Media barter is experiencing something of a paradigm shift. Once seen as a side-line somewhat questionable activity, it is now playing a significant role in the marketing and distribution strategies for companies ranging from SMEs to large multinationals.
Yes the recession has its part to play – when times are tough businesses need to find new and different ways of creating efficiencies. But media barter itself has developed more transparent processes for helping advertisers to increase their media budgets and extend brand distribution into new channels. With many of the top 20 media agencies now boasting specialist barter teams, media barter is becoming an integral part of the media planning process.
So what is media barter and how does it work?
Although the term barter has historical connotations, media barter is a 21stcentury business process which allows advertisers and media owners to trade without having to pay 100% in cash for what they want to buy.
Media barter companies structure deals according to advertisers’ individual requirements so each deal is different. But the basic principle is the same: advertisers transfer the margins on their goods and services to the media they want. By doing so, they are able to make significant cost savings on the incremental media they want, with the discounts they would normally expect. Ultimately this means they are able to create larger campaigns.
The barter company distributes the advertiser’s goods and services via channels agreed in advance with the client. Media owners meanwhile exchange their inventory for goods and services that they need for their day-to-day business operations.
Done well, media barter can add value beyond delivering cost efficiencies on media spend. For example the media barter process can help remove the risk of client experimenting with ad channels they hadn’t used previously and in doing so, increase the audience reach for their campaign.
We have seen this trend in action in relation to an increase in pan-European and pan-global media campaigns. Anecdotal evidence from our media owner contacts suggests that over the last few years more advertisers have moved away from launching pan-European campaigns in favour of smaller multi-local campaigns. But for advertisers wanting to put out one unified message across a large number of countries, a local-only strategy isn’t necessarily the most efficient use of time or budget. Allowing advertisers wanting to run pan-European campaigns to part pay for their media using media barter, has helped to reduce the perceived financial risk involved in a big pan-regional campaign. As a result, media barter can help put pan-regional media back on the media plan for a growing number of advertisers.

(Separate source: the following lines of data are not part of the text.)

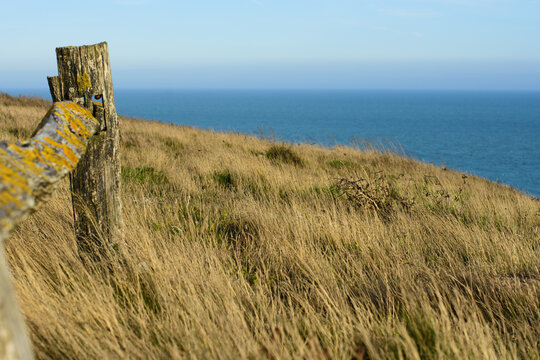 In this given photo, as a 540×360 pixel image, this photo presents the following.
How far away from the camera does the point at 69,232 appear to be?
3588 millimetres

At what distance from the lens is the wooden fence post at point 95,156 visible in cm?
279

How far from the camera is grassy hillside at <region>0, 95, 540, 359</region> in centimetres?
208

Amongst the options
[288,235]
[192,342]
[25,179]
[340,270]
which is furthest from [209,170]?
[25,179]

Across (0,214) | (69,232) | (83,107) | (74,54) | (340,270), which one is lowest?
(340,270)

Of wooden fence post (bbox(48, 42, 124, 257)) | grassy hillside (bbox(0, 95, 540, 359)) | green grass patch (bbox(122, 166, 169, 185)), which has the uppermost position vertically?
wooden fence post (bbox(48, 42, 124, 257))

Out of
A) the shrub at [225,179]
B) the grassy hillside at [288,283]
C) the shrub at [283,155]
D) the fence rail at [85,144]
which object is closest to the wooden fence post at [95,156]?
the fence rail at [85,144]

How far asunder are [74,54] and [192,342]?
2.07 meters

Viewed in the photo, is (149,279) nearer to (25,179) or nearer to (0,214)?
(25,179)

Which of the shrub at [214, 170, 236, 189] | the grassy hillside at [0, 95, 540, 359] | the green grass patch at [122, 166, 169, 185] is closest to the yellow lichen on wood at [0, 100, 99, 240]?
the grassy hillside at [0, 95, 540, 359]

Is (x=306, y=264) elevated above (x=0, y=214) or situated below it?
below

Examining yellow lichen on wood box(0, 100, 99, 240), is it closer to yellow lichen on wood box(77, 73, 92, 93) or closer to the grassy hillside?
yellow lichen on wood box(77, 73, 92, 93)

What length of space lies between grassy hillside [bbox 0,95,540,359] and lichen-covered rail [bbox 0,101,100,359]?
846 millimetres

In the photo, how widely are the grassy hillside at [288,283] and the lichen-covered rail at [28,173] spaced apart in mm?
846

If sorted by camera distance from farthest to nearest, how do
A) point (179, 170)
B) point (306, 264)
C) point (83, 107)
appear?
point (179, 170), point (306, 264), point (83, 107) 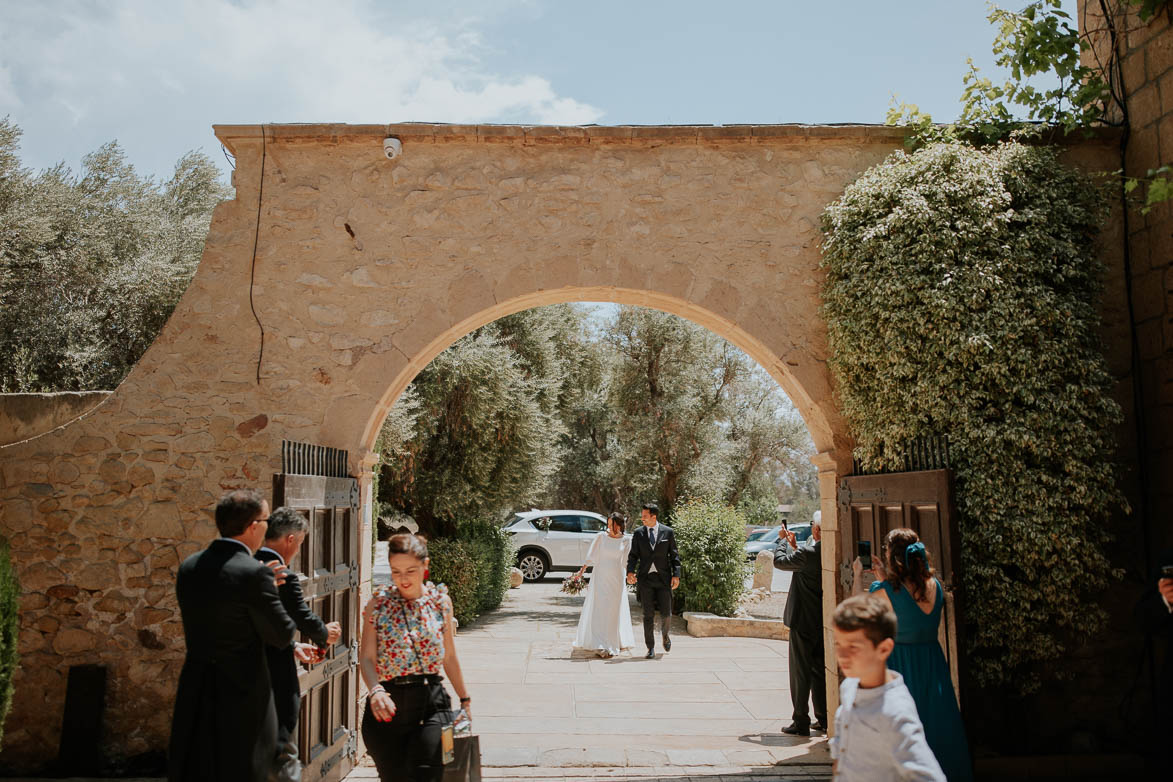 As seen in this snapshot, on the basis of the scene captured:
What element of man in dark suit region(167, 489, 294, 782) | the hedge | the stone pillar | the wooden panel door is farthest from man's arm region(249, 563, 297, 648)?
the stone pillar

Media barter can also deliver value when it comes to product distribution. Most media barter companies are experts in discreet product distribution and re-marketing, and work to strict, pre-arranged criteria stipulated by the advertiser’s sales and distribution teams. This means media barter can augment an advertiser’s distribution strategy by, for instance, opening up new channels.
So what can be traded? Modern media barter is about innovation and smart thinking, using first line product not distressed stock.
Is media barter right for my brand? Media barter can add significant value when it becomes integral to media strategy and business planning. You’ll need to discuss it with colleagues in marketing, procurement, finance and sales and with your media agency. You should find the process is more like a gradual consultancy than a quick sell.